Papagelopoulos PJ, Galanis EC, Greipp PR, Sim FH.
The authors retrospectively reviewed 53 hip replacements performed in 50 patients (mean age, 65 years) for plasmacytoma (four lesions) or multiple myeloma (49 lesions) of the hip region. Perioperatively, 49 patients received chemotherapy. Twenty-four hip lesions had radiation therapy. Within a mean followup period of 32.6 months, 15 (28%) complications occurred. Late deep infection, dislocation, and aseptic loosening with medial migration of the acetabular component occurred in one patient each. Three patients died during the first postoperatively month. All of the remaining patients postoperatively regained their previous ambulatory status; hip pain relief was achieved in 98% of patients.
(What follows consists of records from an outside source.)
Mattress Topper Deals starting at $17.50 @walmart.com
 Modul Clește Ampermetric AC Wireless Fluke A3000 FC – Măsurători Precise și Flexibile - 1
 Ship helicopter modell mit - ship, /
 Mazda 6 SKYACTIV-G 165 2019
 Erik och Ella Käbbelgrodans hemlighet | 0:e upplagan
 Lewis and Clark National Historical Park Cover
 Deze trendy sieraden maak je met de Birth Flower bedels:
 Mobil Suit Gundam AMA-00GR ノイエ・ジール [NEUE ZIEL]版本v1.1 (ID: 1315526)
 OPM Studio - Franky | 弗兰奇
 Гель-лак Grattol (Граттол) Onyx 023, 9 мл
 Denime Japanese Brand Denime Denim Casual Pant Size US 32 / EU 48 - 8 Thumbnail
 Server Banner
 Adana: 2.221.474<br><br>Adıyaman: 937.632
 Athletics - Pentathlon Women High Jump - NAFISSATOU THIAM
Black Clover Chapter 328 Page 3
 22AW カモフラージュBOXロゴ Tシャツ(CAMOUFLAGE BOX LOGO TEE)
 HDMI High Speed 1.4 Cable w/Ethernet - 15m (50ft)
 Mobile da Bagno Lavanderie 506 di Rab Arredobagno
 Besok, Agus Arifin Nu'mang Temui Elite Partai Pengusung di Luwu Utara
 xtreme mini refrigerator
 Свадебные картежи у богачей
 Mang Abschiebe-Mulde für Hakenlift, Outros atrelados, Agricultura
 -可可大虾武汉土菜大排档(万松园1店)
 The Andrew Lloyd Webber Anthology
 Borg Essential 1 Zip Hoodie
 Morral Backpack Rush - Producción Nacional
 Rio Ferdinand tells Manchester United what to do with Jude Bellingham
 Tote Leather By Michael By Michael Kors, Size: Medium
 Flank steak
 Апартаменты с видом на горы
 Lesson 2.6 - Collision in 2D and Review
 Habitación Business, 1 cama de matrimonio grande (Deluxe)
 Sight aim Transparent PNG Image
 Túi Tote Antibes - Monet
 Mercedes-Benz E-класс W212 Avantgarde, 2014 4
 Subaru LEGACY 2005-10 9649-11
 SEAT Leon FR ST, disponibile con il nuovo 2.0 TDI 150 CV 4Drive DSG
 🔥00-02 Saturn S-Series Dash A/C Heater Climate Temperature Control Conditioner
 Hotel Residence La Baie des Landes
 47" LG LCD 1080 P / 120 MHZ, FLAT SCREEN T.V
At the time of the latest followup evaluation, 84% of the patients had died (median survival time, 18 months) and 16% were still alive (median survival time, 76 months). Patients with plasmacytoma had longer survival than did patients with multiple myeloma (median survival, 6.3 years versus 18 months, respectively). No significant association was found between patient survival and the stage of disease at diagnosis, age, gender, type or location of the myeloma lesion, or the type of implant used. Because of the relatively long survival time, prosthetic replacement is indicated for extensive hip lesions in patients with plasmacytoma or multiple myeloma.